Dying malls are death poems to conspicuous consumption.
I grew up in the Eighties, which I think of as the age of conspicuous consumption and gratuitous shopping malls. After all, what is a shopping mall but a temple dedicated to shopping and consumerism? I have to admit, I spent a lot of time in malls growing up. It was pretty much the center of teen life back then and even someone as aggressively uncool as me felt the inexorable attraction. There’s still a part of me that loves going to the mall. Sad, but true.
But, I’ll tell you what’s even more fascinating to me than the malls of my youth; malls that are dying or abandoned. And, from what I understand, there are quite a few of them shutting down now. They remind me of the incredible dystopian science-fiction movies of that same youth of mine. After the end of civilization, malls were going to be the devastated landscape over which we crawled to survive.

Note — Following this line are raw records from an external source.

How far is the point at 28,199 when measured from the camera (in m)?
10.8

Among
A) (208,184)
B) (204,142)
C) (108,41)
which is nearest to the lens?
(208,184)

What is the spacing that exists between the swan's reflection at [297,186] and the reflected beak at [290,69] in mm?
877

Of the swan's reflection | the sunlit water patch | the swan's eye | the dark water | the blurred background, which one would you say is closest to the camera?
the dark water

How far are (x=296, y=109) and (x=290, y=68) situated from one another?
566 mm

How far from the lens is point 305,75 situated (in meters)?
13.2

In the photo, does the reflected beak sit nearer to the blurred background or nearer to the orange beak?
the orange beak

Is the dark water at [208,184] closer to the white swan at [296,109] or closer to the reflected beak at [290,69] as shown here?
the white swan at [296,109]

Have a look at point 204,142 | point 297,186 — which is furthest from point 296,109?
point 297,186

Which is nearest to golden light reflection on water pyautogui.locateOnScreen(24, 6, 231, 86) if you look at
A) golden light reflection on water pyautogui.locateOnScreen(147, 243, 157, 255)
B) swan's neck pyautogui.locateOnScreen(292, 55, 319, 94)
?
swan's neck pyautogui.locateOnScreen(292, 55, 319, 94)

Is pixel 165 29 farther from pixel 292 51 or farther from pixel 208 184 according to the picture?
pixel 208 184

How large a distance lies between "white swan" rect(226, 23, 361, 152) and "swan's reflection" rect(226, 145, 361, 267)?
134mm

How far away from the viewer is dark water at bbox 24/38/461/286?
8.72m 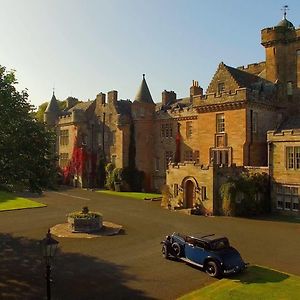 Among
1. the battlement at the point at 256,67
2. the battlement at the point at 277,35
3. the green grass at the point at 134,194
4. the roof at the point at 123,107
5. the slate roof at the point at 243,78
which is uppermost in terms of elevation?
the battlement at the point at 277,35

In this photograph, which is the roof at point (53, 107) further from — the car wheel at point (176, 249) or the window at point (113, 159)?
the car wheel at point (176, 249)

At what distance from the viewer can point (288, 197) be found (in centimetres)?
3322

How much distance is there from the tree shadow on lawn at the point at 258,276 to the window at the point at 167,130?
105 feet

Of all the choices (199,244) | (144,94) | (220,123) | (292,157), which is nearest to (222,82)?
(220,123)

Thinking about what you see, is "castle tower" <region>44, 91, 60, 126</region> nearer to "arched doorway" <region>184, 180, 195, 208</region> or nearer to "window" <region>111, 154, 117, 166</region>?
"window" <region>111, 154, 117, 166</region>

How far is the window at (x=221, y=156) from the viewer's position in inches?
1563

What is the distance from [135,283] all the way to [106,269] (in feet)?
7.78

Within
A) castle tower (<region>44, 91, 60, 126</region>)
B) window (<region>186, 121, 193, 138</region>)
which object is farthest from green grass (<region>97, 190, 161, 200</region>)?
castle tower (<region>44, 91, 60, 126</region>)

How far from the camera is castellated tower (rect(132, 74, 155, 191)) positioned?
5069 centimetres

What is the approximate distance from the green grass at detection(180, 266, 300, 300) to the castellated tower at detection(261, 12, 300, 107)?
28.7 meters

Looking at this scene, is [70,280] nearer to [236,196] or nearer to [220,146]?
[236,196]

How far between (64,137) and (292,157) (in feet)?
128

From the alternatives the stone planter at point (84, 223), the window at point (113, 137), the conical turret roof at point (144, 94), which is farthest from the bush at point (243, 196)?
the window at point (113, 137)

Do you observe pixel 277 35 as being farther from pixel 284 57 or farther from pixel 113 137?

I was reminded of all that this week by a Gizmodo article about a guy who tours, and documents, dying malls. As the article says, it’s both horrifyingly bland and terribly fascinating to watch this guy go through malls that are basically empty or in the process of dying a slow, slow death. I mean, there’s nothing much to see, but I found myself staring in rapt fascination at the perfectly preserved, incredibly common, malls that reminded me so much of my own misspent youth. It’s stunning to see how similar they all are, as if one architect designed them all. Bizarre.
In any case, if you want to bypass the Gizmodo article, you can go right to videographer Dan Bell’s Dead Malls Series YouTube channel and watch these yourself. I’ve only seen one so far, but I’m sure when my blushing bride has drifted off to sleep this weekend, I’ll sneak back out to the big TV to watch them in hi-def. They’re weirdly addictive!